Blackface has a negative connotation in the United States–very taboo–associating that art form as racist by definition. But despite it being labeled as such, the use of dark makeup today by those who wear it for entertainment doesn’t seem to typically be intended to mock African American humans as a group. Nonetheless, what is being claimed by those offended this Halloween season is that people should not wear the makeup regardless of intent, no matter their purpose, because the act symbolizes a racist act and time:
They make clear their point, but gaps in their argument are prevalent–and blatant. Unites States celebrity Jimmy Kimmel impersonated basketball player Karl Malone and darkened his skin for his television program. On another program, Saturday Night Live, there have been at least half a dozen examples of so-called blackface in recent years: Fred Armisen as Barack Obama, Jimmy Fallon as Chris Rock, Darrell Hammond as Jesse Jackson, and more. In film, popular actor Robert Downey Jr. wore dark makeup for the comedy, Tropic Thunder. What’s confusing to me is why these authors and media linked above don’t address these examples in their articles. Logic would suggest they qualify for scrutiny.
For whatever reason, it seems that they don’t get attacked in the same way because in these instances reason is allowed to surface, and intent becomes a measured variable in judging the permissibility of wearing facial makeup to depict African Americans. Just a couple weeks ago, though, a female celebrity dressed up as her favorite character from a popular United States dramatic program. This character was an African American human, so the celebrity darkened her skin to increase the likeness. Again, for whatever reason, this use of dark makeup crossed a line that the above celebrities did not:
Here was her costume:
And here’s one of the examples from above:
Why it’s easier to pile on Hough is something I don’t understand, but that there’s such inconsistency in this scorn indicates that the impetus isn’t one of reason, but hype and opportunism. It is an opportunity for a common trait of humans in the United States to come out: a restlessness and anxiety rarely at ease and always ready to pounce on anything which can be construed as bigotry. It is hype in that this willingness has built upon itself. Just like some humans in the United States have written about the Kardashian sisters as being “famous for being famous”, the writers above seem to react to such Halloween costumes simply because they assume others will react to them. Things are controversial for being controversial.

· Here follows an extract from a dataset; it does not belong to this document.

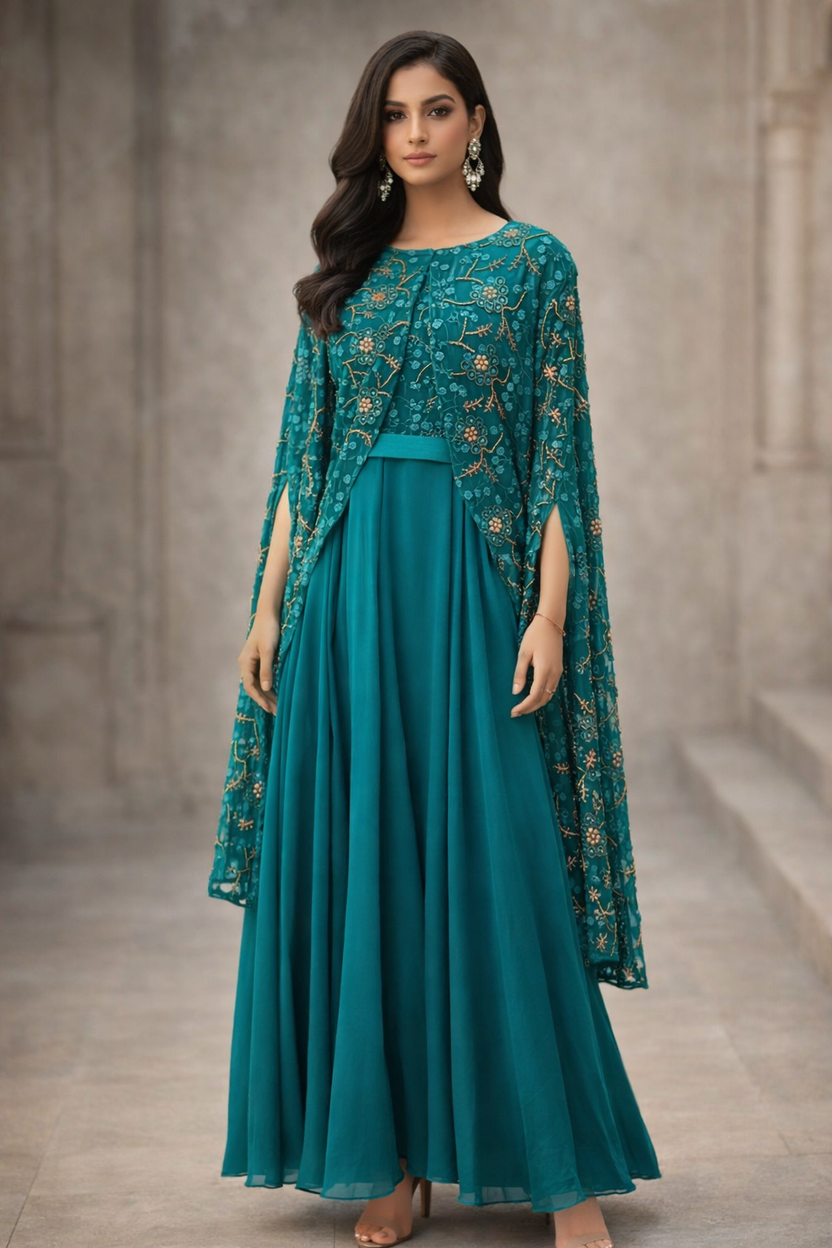 Teal lace jacket with soft dupion silk dress and statement sleeves: Dyable & Customisable | Pre-Order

And I note the desperation in the words of the articles. One writer above takes it upon themselves to speak for “everyone” by saying all humans were offended. In the Slate commentary, not only did the author throw stones at the actress for her costume, but then jeered another article for taking too long in their own denunciation. I hypothesize this motivation to be a selfish concern from these writers–not looking out for those actually offended, but trying hard to say in effect, “See, I’m not racist.”

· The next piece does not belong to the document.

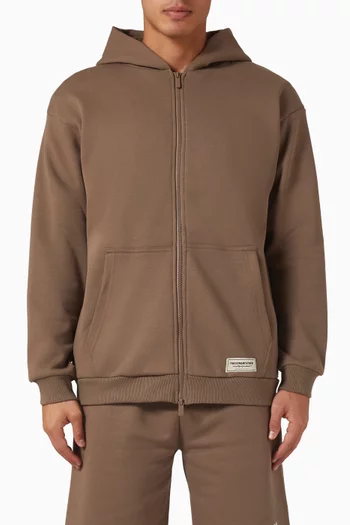 Oversized Zip Hoodie in Organic Cotton-blend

I witnessed this same response from United States media when professional athlete, Riley Cooper, said the word “nigger”. The response to this blurt was taken more seriously on sports radio and TV talk shows than was another athlete’s, Aaron Hernandez, accusation of murder going on at the same time. In the United States, the threat of being seen as soft on racism is extraordinarily serious. So serious, that these talking heads were noticeably more relaxed talking about killing than about a man’s racial slur. They echoed the beliefs of a vocal segment of United States humans. Thus, it is easier for them to go overboard in their act of empathy than to actually think about the oddity of their position. (In the case of blackface, this oddity might mean rewarding celebrities who dressed up as people of another color while abstaining from wearing skin color makeup.)
Though at first I assumed the blackface saga to be evidence for United States humans becoming evermore extreme in their concern for not offending people and not being labeled as a bigot, it concurrently has revealed that those who are adamant don’t define the position of most United States humans. In response to such articles, at least on more politically neutral Websites, many commentors react with skepticism and disagreement.
What the above media has done is channel this particular paranoid tendency and serve as a mouthpiece for the humans in the United States who have it. Rather than being thought leaders, the authors are being used by this social movement, unknowingly going along for the ride and doing their part to reflect the extremity. And by exemplifying it, they are actually getting their audience to see its unreasonableness.
I’ll watch, then, to see if this reflects back on the media so they react to future Julianne Hough’s the way they did to Robert Downey Jr., Fred Armisen, Jimmy Fallon, etc.